Share why you are doing PES events and what your goals are on this page.

In various meetings and readings recently, I have heard people suggest different reasons for public engagement with science. Here are a few:
  1. To gain public support for science in general or for some specific area or activity in science or technology
  2. To educate the public, to give them tools -- knowledge and skills so that they will make better decisions in their own lives
  3. To inform scientists and policymakers with public views so they will make better decisions on their own work
  4. To build bridges between the science community and the public -- a collaborative work environment for dealing with science related issues today and tomorrow
  5. To establish a system of anticipatory governance that provides knowledge, tools, attitudes, relationships, and activities that supports decisions by people everywhere in the various roles they play in life that in various ways affect the future.
  6. To coordinate an effort that involves government, industry, academia, and the public around specific current and serious problems that require system wide collaboration such as global climate change.

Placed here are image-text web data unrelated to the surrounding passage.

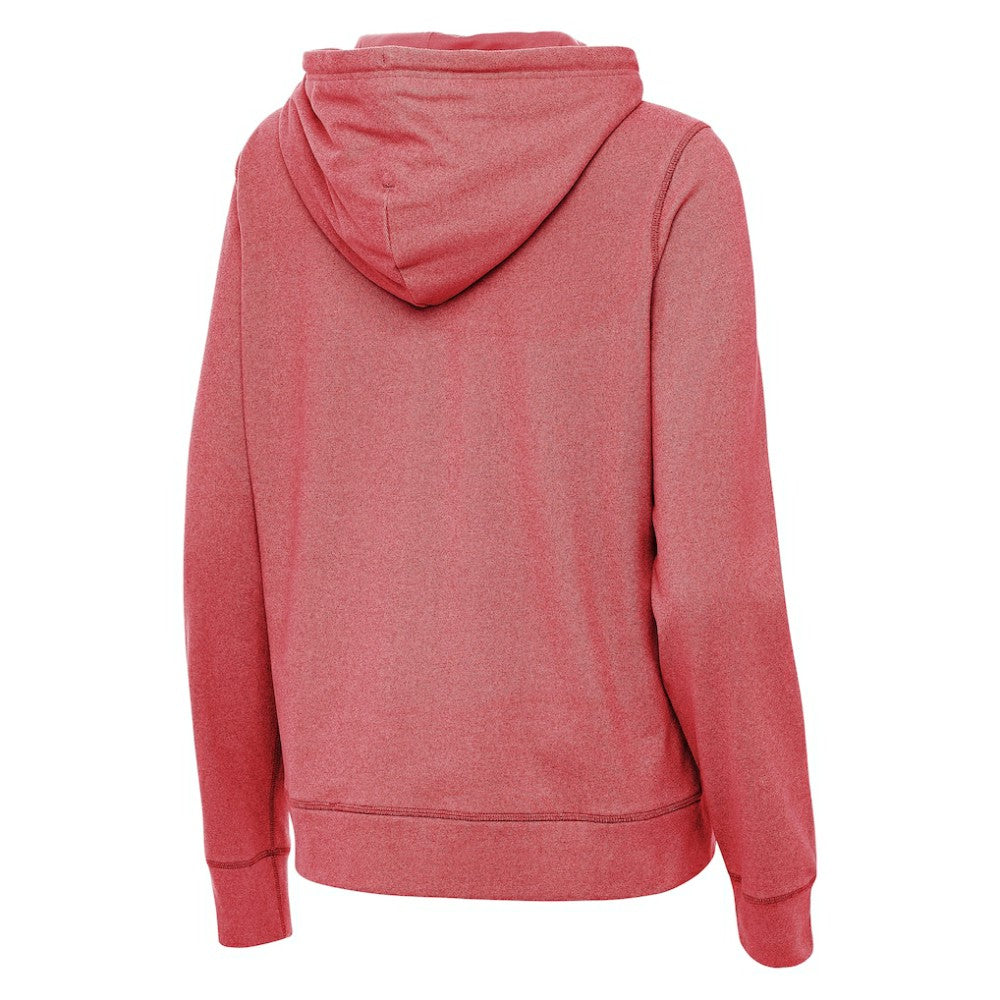 Detroit Red Wings Antigua Women's 2025 NHL Stadium Series Justice Pullover Hoodie - Heather Red | US 202455769
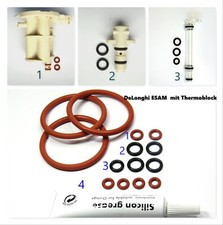 Delonghi O-Ring Dichtung SET Brühgruppe Brühkolben mit Thermoblock ESAM AEG Fett
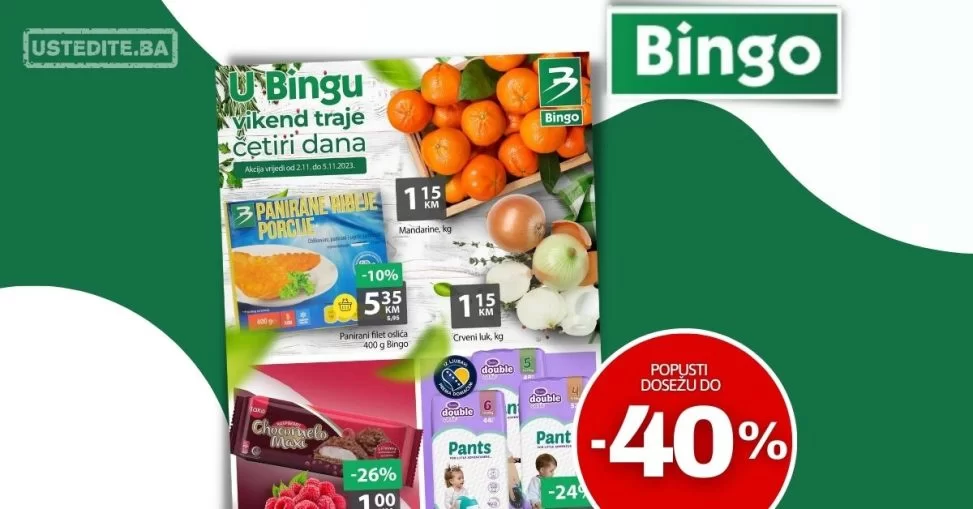 Bingo vikend akcija 2-5.11.2023.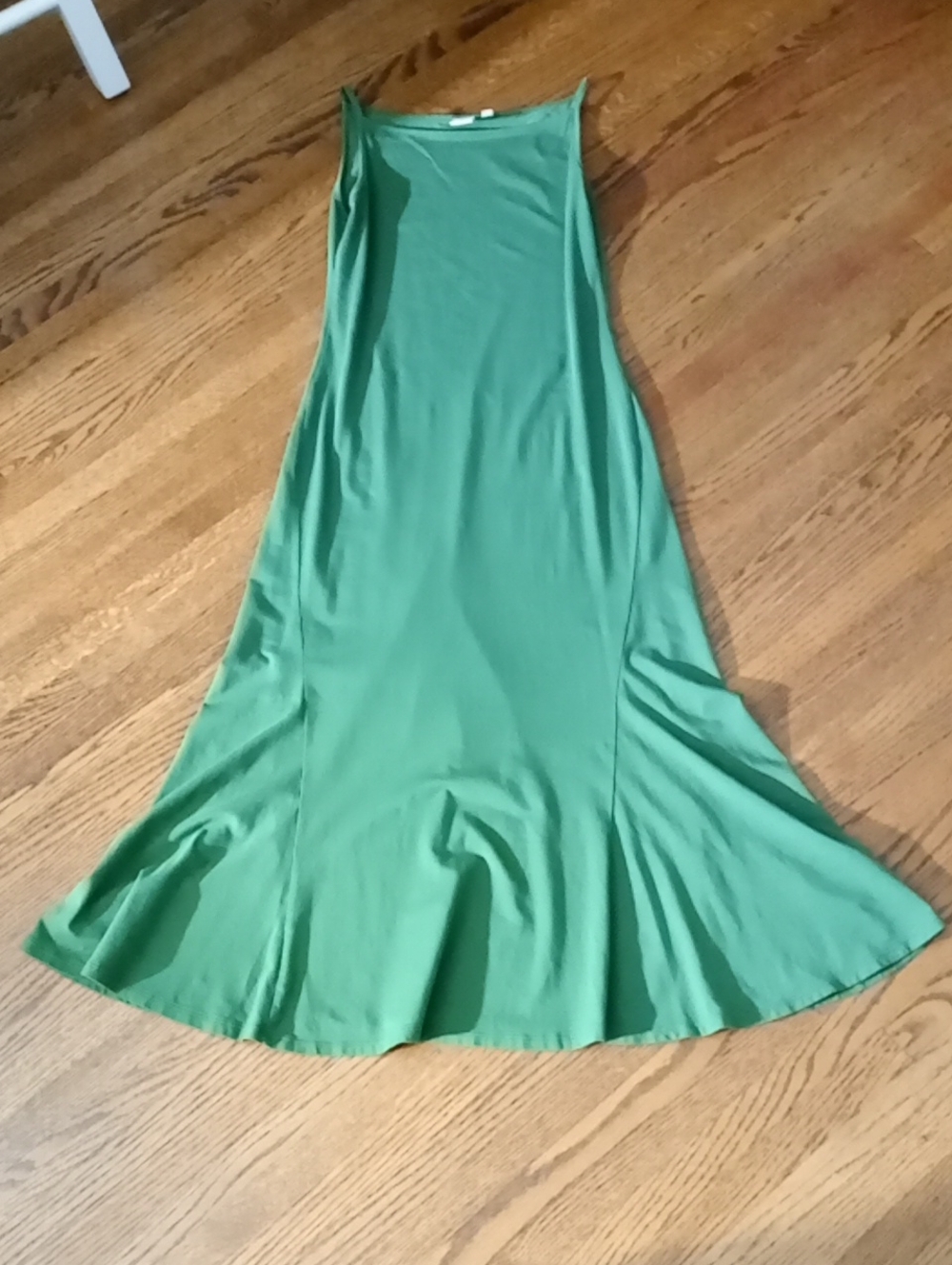 UNI QLO Green Cotton Blend Maxi Dress Size XS PTP 17-19" L 46.5"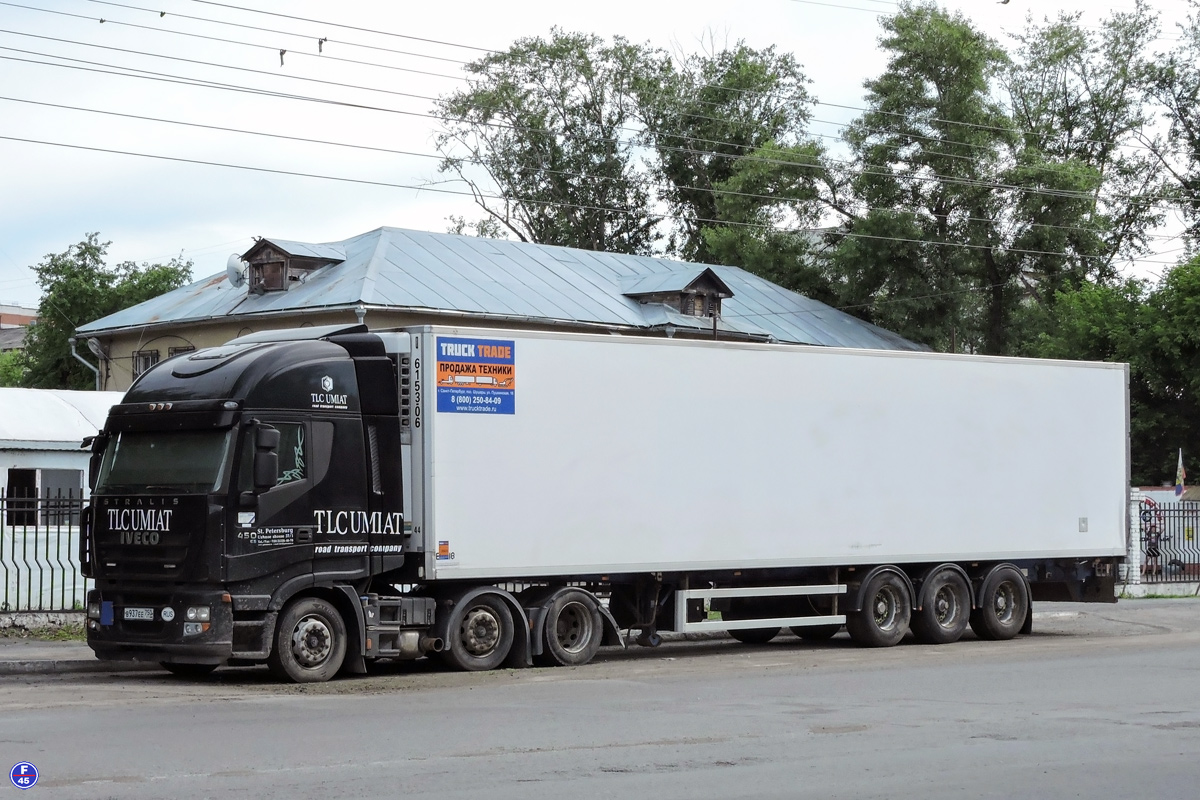 Санкт-Петербург, № В 937 ЕЕ 750 — IVECO Stralis ('2007) 450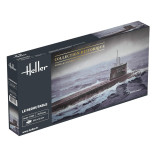 KIT PARA MONTAR HELLER U-BOAT LE REDOUTABLE 1/400 25 PEÇAS HLR 81075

Here are some more detailed entries about goals for PES that come from various projects and publications. Please add yours.
  • We got started with forum programs because we were adopting a plan to include informal technology education with informal science education in the museum. So when we looked at both content knowledge and thinking skills, decision-making became an important one. We came across this quote in Science for All Americans, published by the AAAS in 1989. Engineering decisions, whether in designing an airplane bolt or an irrigation system, inevitably involve social and personal values as well as scientific judgments. So we started to look for informal education methods that would bring science and social and personal values together for decision-making and came across folks from North Carolina State University talking about citizen consensus conferences in Denmark and that launched us on a string of experiments that engaged the pubic in dialogue and deliberation about the societal implications of technological innovations or applications. -- Larry Bell, Museum of Science
  • Here's a set of goals Christine Reich organized for the NISE Net Forum team at the beginning as it was trying to sort through its goals for nano forums. -- Larry Bell, Museum of Science

  • In 2003, Daniel Yankelovich, Chairman of Public Agenda, wrote that

    In today's public domain, scientists are highly respected but not nearly as influential as they should be. In the arena of public policy, their voices are mostly marginalized....The overall result is a dangerous exclusion of the scientific viewpoint from political and economic decisionmaking at the very time when that viewpoint is most urgently needed.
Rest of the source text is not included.